Here, a man at the food court twirls dough for our strawberry pastry, paper thin and so delicious.
Below is Jinli Street, a popular tourist destination with all sorts of little shops and stands selling unique items and food of every kind. The man in traditional clothes at the top of this post was photographed on Jinli Street.
We stopped to watch a Pakistani men make a sand picture in a glass bottle. There are two of them who work as a team on opposite sides of Jinli, and Chad bought a bottle for Mom from this man’s partner.
In one shop, we saw this silk loom.
Here, Carol seals a bargain.
In the Tibetan area of the city close to Jinli, we saw many Buddhist monks.
On another day, we hiked down a gorge where I saw scenery that reminded me very much of something I might see at Copper Falls, Wisconsin.
This gorge was much deeper, though. After we hiked all the way down, we took an elevator back to the top—well, almost to the top. After the elevator, we still had to scale a final stairway of 300 steps. Here is a photo of the elevator from the bottom looking up.
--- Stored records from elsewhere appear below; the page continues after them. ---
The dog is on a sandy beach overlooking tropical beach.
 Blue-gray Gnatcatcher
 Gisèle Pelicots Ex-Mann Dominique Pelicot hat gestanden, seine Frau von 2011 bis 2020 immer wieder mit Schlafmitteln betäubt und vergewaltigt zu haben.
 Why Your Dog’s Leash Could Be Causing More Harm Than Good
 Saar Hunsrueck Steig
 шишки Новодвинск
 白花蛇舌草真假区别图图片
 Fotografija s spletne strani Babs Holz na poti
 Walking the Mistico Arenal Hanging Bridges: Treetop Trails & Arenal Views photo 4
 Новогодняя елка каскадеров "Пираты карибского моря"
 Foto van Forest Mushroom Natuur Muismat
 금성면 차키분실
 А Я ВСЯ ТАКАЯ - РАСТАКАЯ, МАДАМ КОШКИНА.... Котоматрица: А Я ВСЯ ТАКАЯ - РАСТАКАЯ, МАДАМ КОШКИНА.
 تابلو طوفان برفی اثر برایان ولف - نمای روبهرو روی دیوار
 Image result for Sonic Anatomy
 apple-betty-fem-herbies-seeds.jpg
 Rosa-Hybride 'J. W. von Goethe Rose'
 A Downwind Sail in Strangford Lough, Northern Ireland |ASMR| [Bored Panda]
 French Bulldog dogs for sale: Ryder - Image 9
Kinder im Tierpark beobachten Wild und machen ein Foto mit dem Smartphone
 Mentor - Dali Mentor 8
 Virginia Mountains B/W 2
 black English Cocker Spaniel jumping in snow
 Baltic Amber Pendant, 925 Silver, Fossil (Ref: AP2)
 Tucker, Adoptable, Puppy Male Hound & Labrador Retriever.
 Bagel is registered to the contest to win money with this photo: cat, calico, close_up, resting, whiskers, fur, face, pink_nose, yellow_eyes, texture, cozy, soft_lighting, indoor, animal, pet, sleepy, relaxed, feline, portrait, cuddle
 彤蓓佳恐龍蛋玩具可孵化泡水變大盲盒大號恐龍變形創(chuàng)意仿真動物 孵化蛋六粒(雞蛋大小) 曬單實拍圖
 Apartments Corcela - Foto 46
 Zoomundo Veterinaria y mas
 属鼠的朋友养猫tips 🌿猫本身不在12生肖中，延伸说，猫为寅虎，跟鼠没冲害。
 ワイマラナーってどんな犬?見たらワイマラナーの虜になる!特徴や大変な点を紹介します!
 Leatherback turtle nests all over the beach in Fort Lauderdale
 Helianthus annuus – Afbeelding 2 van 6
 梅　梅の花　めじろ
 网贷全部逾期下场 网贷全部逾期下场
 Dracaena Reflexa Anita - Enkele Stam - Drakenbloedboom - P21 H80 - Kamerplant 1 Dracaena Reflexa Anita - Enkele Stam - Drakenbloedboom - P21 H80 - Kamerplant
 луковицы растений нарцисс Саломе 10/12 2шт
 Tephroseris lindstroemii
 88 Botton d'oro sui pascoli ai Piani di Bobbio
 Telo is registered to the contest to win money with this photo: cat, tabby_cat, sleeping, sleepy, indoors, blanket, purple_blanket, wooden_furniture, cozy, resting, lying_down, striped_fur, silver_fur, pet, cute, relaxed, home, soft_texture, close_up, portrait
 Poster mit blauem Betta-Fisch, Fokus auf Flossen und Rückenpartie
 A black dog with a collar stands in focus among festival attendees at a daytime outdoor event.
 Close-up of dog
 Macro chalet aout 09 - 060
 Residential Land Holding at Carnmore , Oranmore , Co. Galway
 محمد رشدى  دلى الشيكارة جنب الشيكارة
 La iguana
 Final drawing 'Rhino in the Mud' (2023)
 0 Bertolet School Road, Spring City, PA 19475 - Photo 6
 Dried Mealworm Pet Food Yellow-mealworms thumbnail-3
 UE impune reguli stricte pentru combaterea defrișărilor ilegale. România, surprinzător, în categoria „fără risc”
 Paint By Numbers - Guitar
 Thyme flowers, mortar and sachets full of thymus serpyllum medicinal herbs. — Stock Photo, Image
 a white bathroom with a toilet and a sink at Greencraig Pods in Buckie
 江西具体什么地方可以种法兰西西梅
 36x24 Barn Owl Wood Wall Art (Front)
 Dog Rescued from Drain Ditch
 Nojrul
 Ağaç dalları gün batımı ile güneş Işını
Our cousin also took us to see the Global Center, the largest building in the world in terms of floor space. It hosts offices, conference rooms, hotels, a university complex, a IMAX cinema, a skating rink, a swimming area, and a water park. In its center is a huge shopping mall.
This photo was taken outside the Global Center, facing across the square to the other side of the street, where a massive new art center is scheduled to be built.
Throughout China, we occasionally saw children wearing red scarves, which is the uniform of the Young Pioneers, a Communist organization for young people.
Here a couple of men crack whips, an exercise they like to do in the park not far from Travis and Judith’s complex. The whips are made from metal chain and leather. Their crack makes a sound like a gunshot which can be heard for miles.
In the cities of China, we often saw people out exercising, whether whip cracking, playing tennis, doing Tai Chi, or using the public exercise equipment the government has installed at various places. We saw no overweight Chinese person—not one.
I will end this post with a cool photo of bicycles. You see them all over the Chinese cities, available to rent for a yuan or two an hour with an easy scan of your smartphone app. You can pick up your bike at the spot where you find it and leave it wherever you happen to ride. No problem—someone else needing transportation will find it later and ride it to a new spot. The system works beautifully.
In the next post, we’ll ride north a ways to another historic city in China—Xian.
Lucinda — Your photographs are exquisite. Thank you for sharing them!
Hi! So interesting to read about my cousin Judith and her family on your blog! Thx!
You are welcome! Thanks for stopping by.
Thank you for sharing the wonderful photographs! The photographs were very informative and it is delightful to learn more about the people and their culture and all your experienced. Thanks for sharing your trip with us! Also was so pleased you included the photographs and information about the bicycles which is good for ones health and helps protect the environmental by using less resources.
Yes, I liked the idea of the bicycles, too. I will be moving to Boston this fall, and I wouldn’t mind if they had an easy bicycle rental system like they do in China.